++++ Supplied data ++++

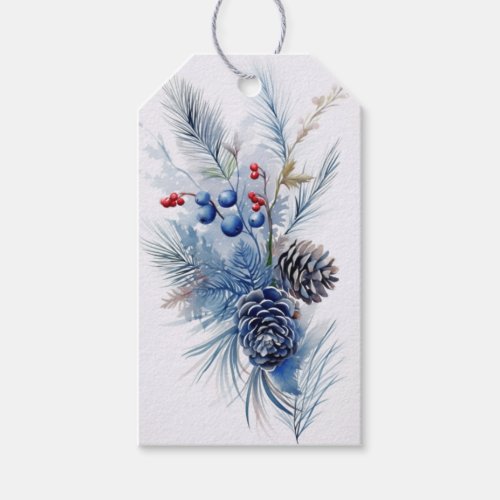 Blue Pinecone Birch Branches Blue Sprigs Gift Tags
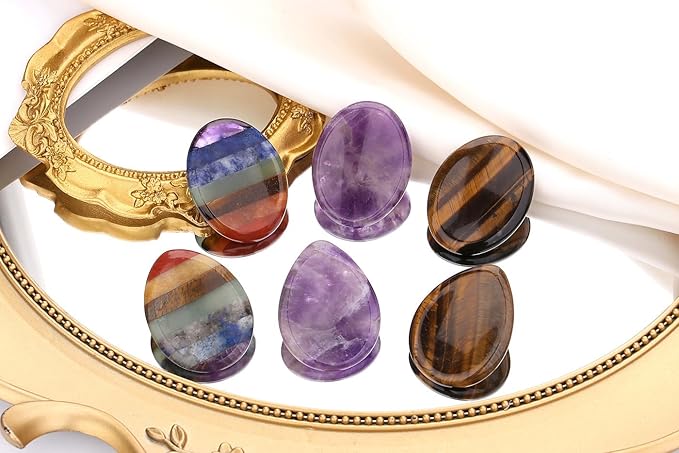 QINJIEJIE Crystals Thumb Worry Stone for Anxiety Healing Crystals Chakra Stone Tiger's Eye Oval Palm Chakra Worry Stones Reiki Meditation Crystal Anxiety Relief Items Gift for Him 2PCS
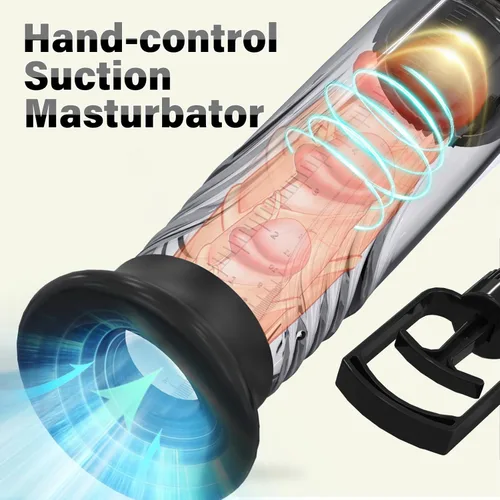Miniatura 2 de Bomba de vacío para pene, amplificador manual de pene, dispositivo de bombeo de aire de presión, juguetes sexuales para hombres adultos para Negro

++++

**Instructions to follow**
The answer should contain all the material above, copied exactly, and no images.

**The completed task**
 Blue Pinecone Birch Branches Blue Sprigs Gift Tags
 QINJIEJIE Crystals Thumb Worry Stone for Anxiety Healing Crystals Chakra Stone Tiger's Eye Oval Palm Chakra Worry Stones Reiki Meditation Crystal Anxiety Relief Items Gift for Him 2PCS
Miniatura 2 de Bomba de vacío para pene, amplificador manual de pene, dispositivo de bombeo de aire de presión, juguetes sexuales para hombres adultos para Negro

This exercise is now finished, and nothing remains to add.